In unserem Use Case hat Spherity seinem Einkäufer einen digitalen Firmenausweis als Verifiable Credential ausgestellt. Dieses enthält alle erforderlichen Attribute und Einkaufsberechtigungen (Art des Zugriffs, für welche Firmenentität die Bestellung getätigt wird, wann die Berechtigung abläuft und vieles mehr). Der Spherity-Mitarbeiter erhält und speichert es in seiner esatus Wallet App und kann es am Ende des Bestellvorgangs – beim sogenannten Check-Out – mittels dieser App auf der Siemens B2B Online Plattform präsentieren. Im Credential sind alle Daten enthalten, die für die Rechnungsausstellung durch Siemens relevant sind.
Die Siemens B2B Online Plattform kann mit dem präsentierten Credential des Einkäufers noch während des Check-Outs automatisiert über den Eintrag (DID) der Firma Spherity in der IDunion Registry weitere benötigte Daten von der Firma abfragen und überprüfen. Diese Daten können dann direkt an die interne IT zur zeitnahen Abarbeitung der Bestellung übergeben werden.
Als Ergebnis des IDunion Interop-Day ist festzuhalten, dass die vom Konsortium entwickelten Lösungen auf Basis dezentraler Identitäten eine sichere Grundlage für die Verwaltung digitalisierter Daten bieten.

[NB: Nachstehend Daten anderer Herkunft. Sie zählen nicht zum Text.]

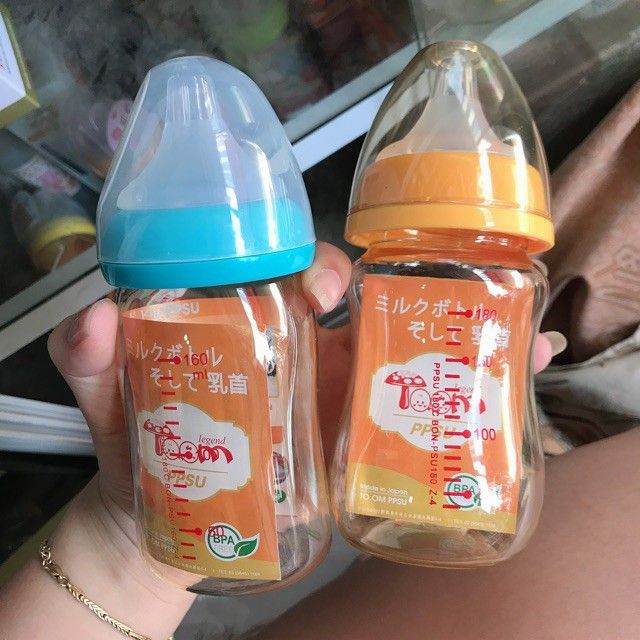 Bình sữa Toom Nhật Bản ảnh 2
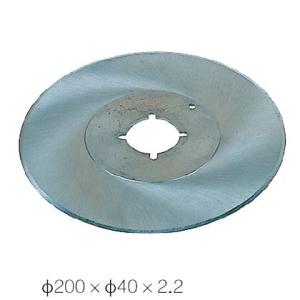 China Carbide HSS Cloth Cutting Machine Blade 200mm Fabric Saw Blade wholesale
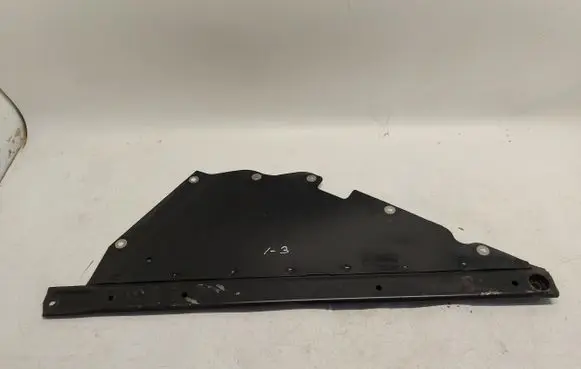 BMW i3 Side bottom protection 6859774JLK01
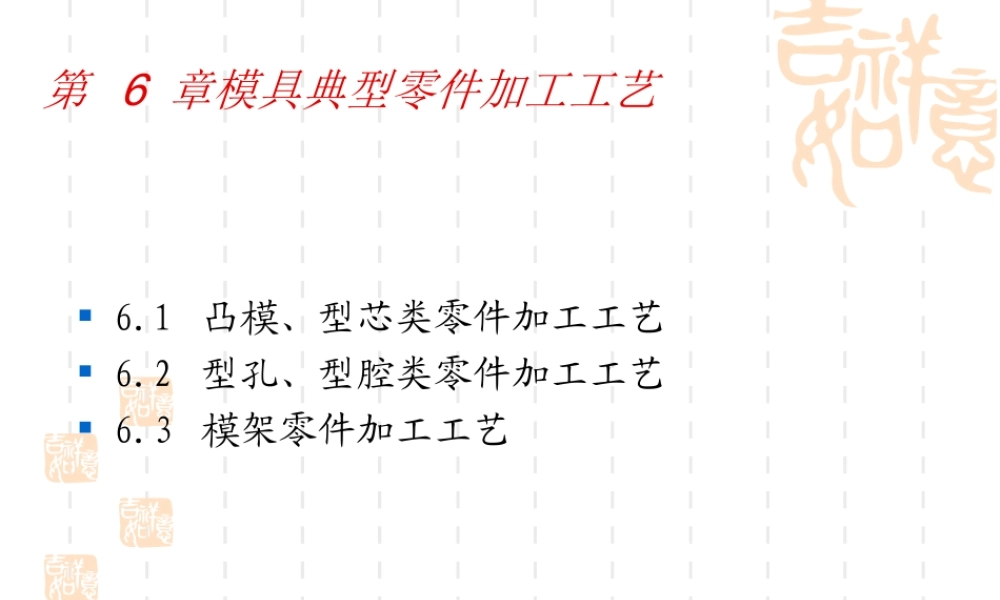 模具制造工艺学第六章模具典型零件加工工艺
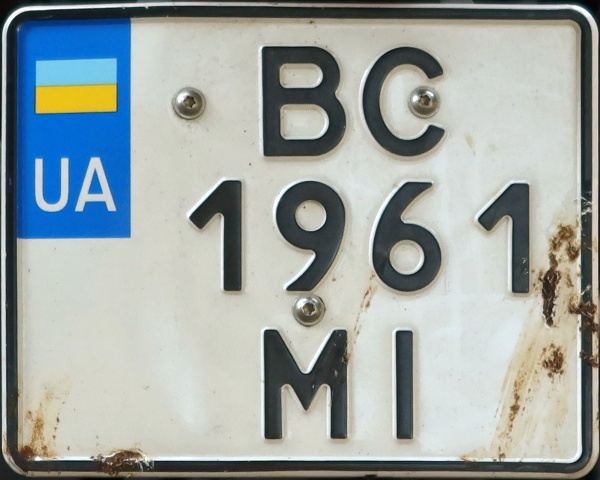 Ukraine motorcycle series close-up BC 1961 MI.jpg (109 kB)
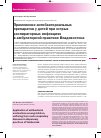 Научная статья на тему 'Применение антибактериальных препаратов у детей при острых респираторных инфекциях в амбулаторной практике Владивостока'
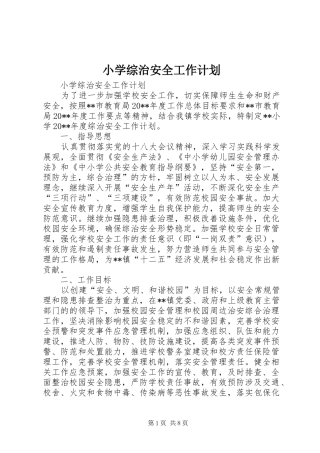 小学综治安全工作计划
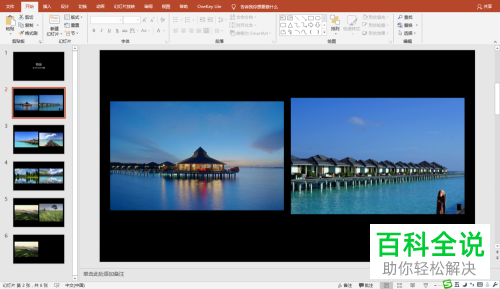 ppt幻灯片怎样批量导出和导入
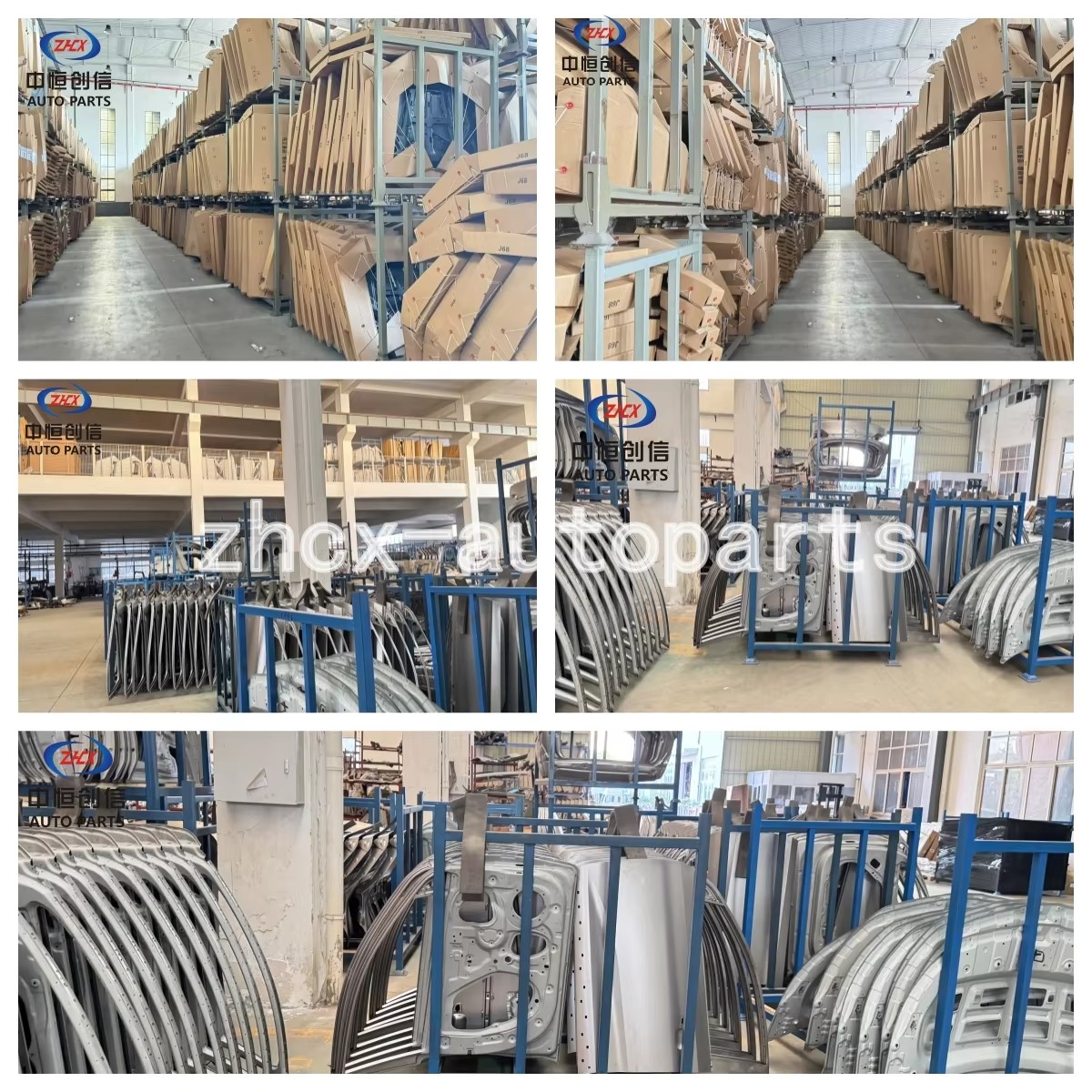 default name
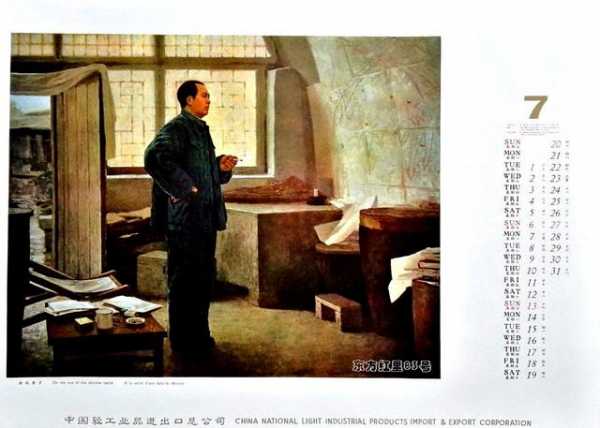 红藏博览｜1969年毛主席画传挂历-轻工业品进出口总公司-8.jpg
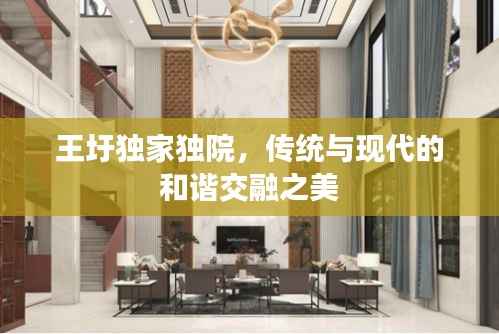 王圩独家独院，传统与现代的和谐交融之美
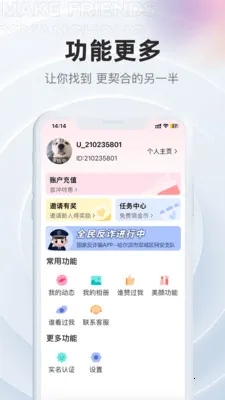 Ϧ�������콻�������ֻ���v2.3.9 ��׿���ͼ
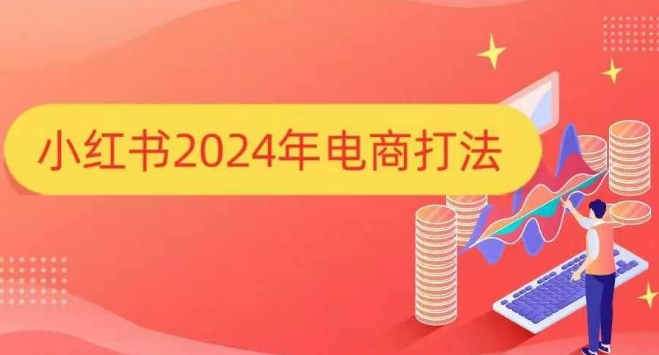 小红书2024年电商打法，手把手教你如何打爆小红书店铺-解忧云网络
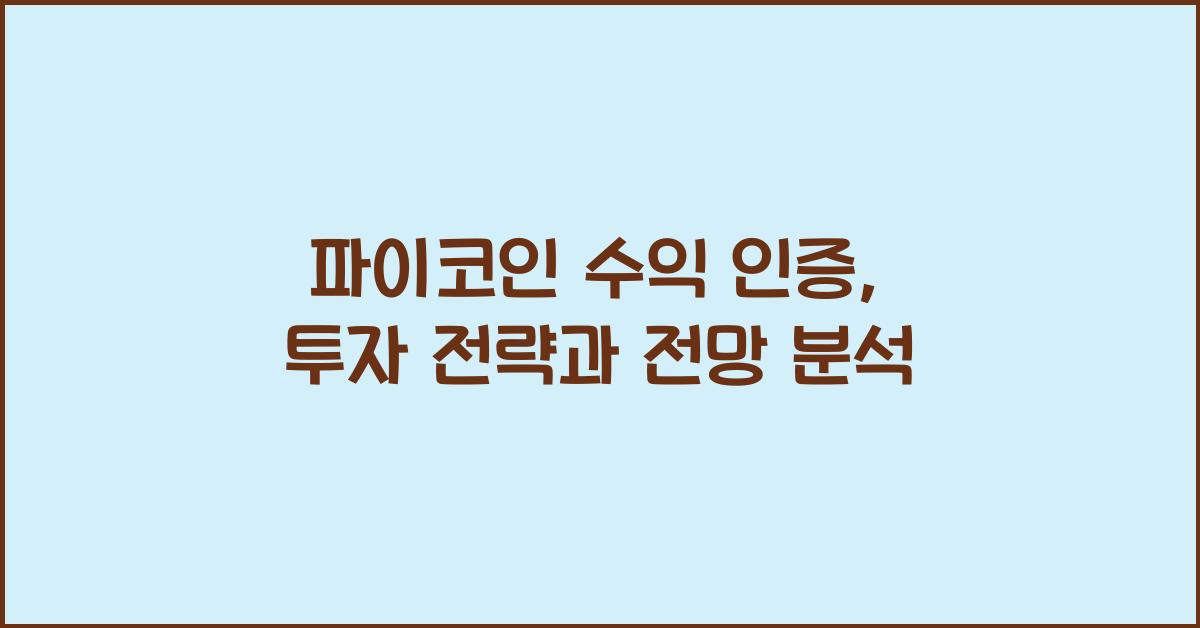 파이코인 수익 인증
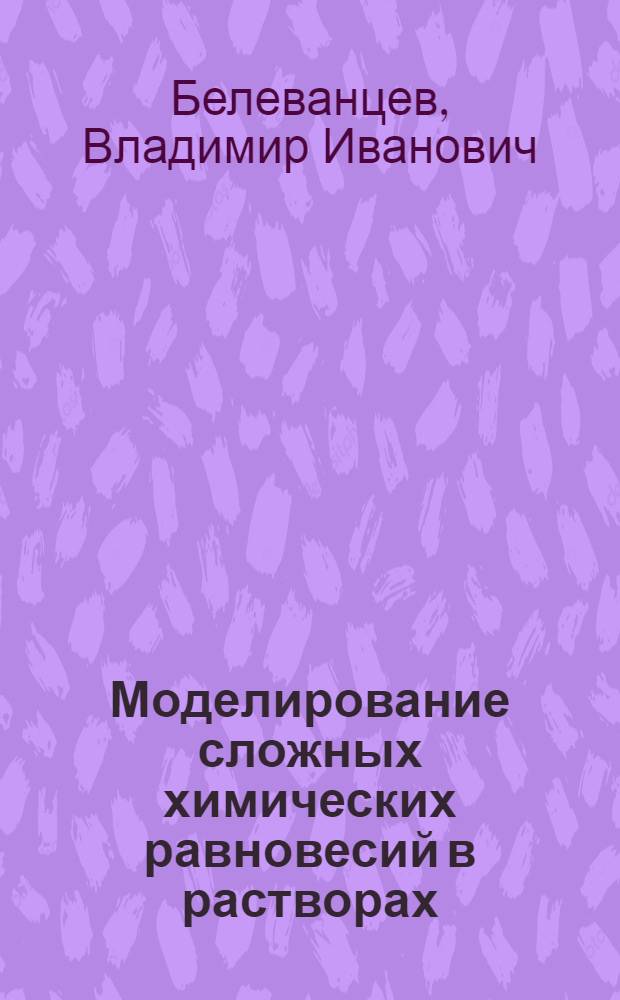 Моделирование сложных химических равновесий в растворах : теория и практика : Автореф. дис. на соиск. учен. степ. д.х.н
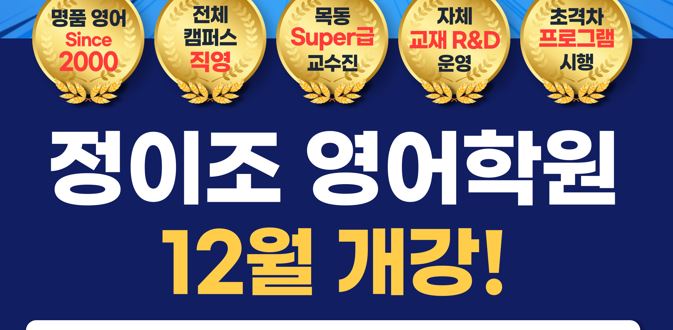  [당산 정이조영어학원] 12월학기 개강소식!!!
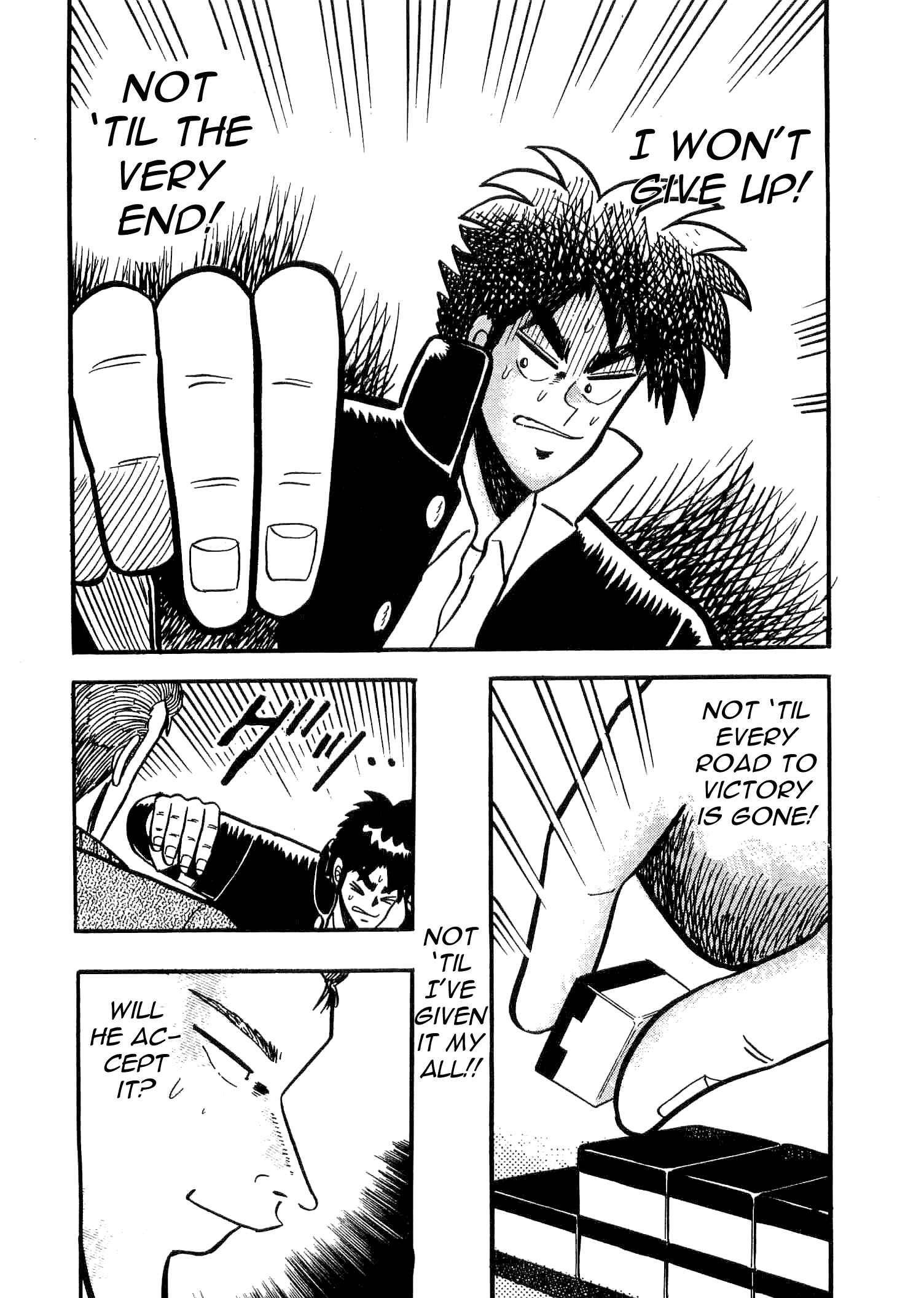 Page 32 Chapter 2 Youre On Fire, Tenma!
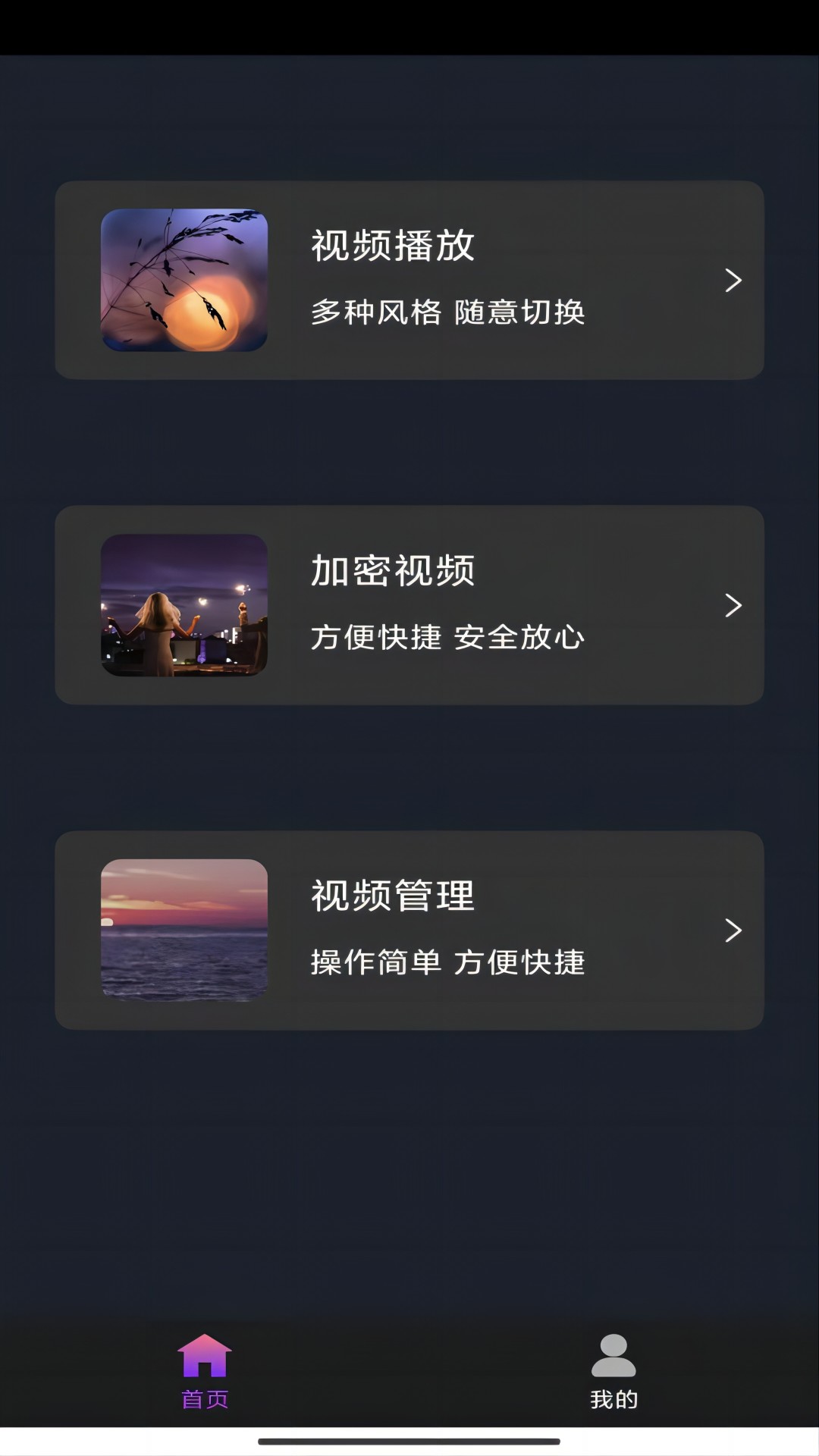黑色长筒靴什么打底袜截图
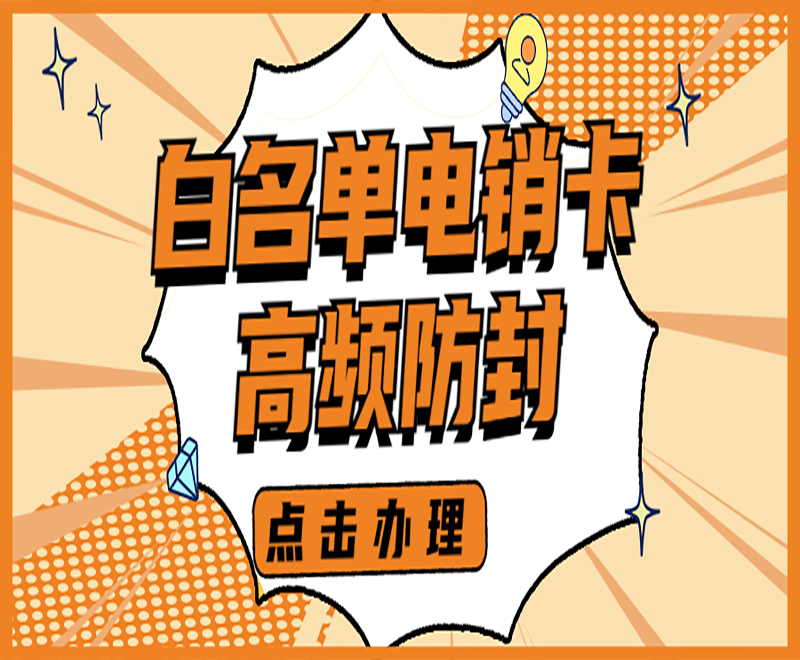 深圳白名單電銷卡代理 , 第1張 , 電銷卡資源網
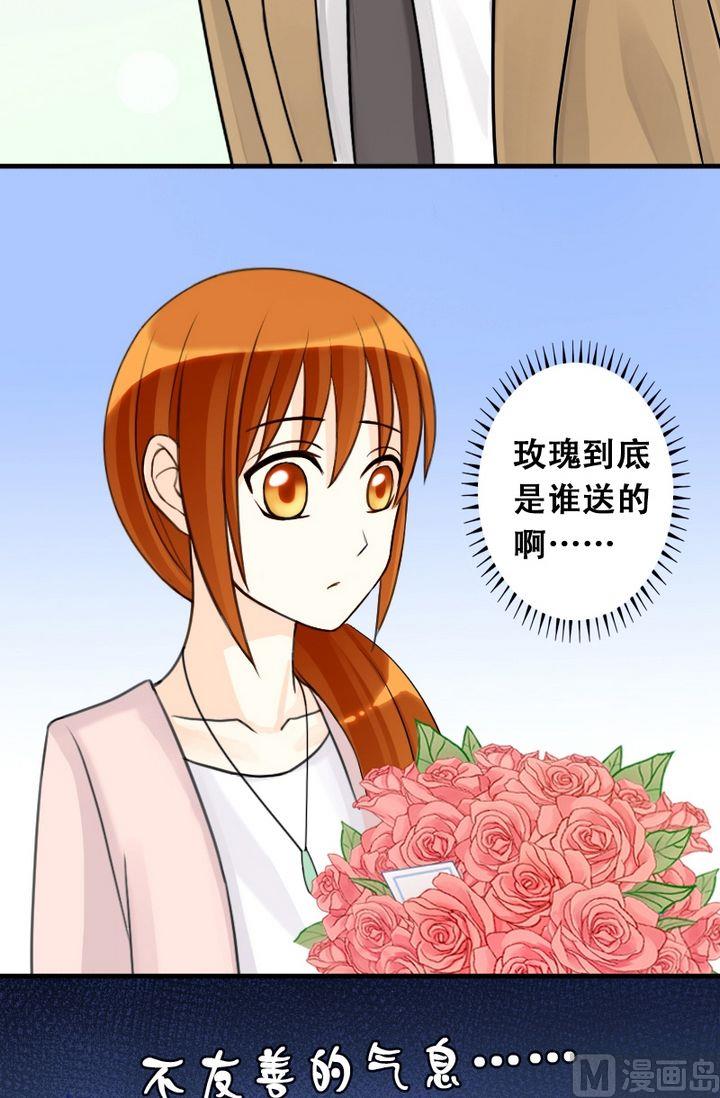 我的影帝大人韩漫全集-第21话 玫瑰被毁（一）无删减无遮挡章节图片 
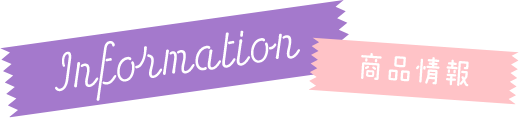 information 商品情報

Mit diesen und anderen erfolgreich durchgeführten Anwendungsfällen hat das Konsortium einen großen Schritt im Hinblick auf das gesetzte Ziel gemacht, im laufenden Jahr 2022 das Produktivnetzwerk zu starten.
Für Unternehmen ebenso wie für Bürger:innen wird so ein wichtiger Beitrag zu sicheren digitalen Identitäten in Deutschland und Europa geleistet.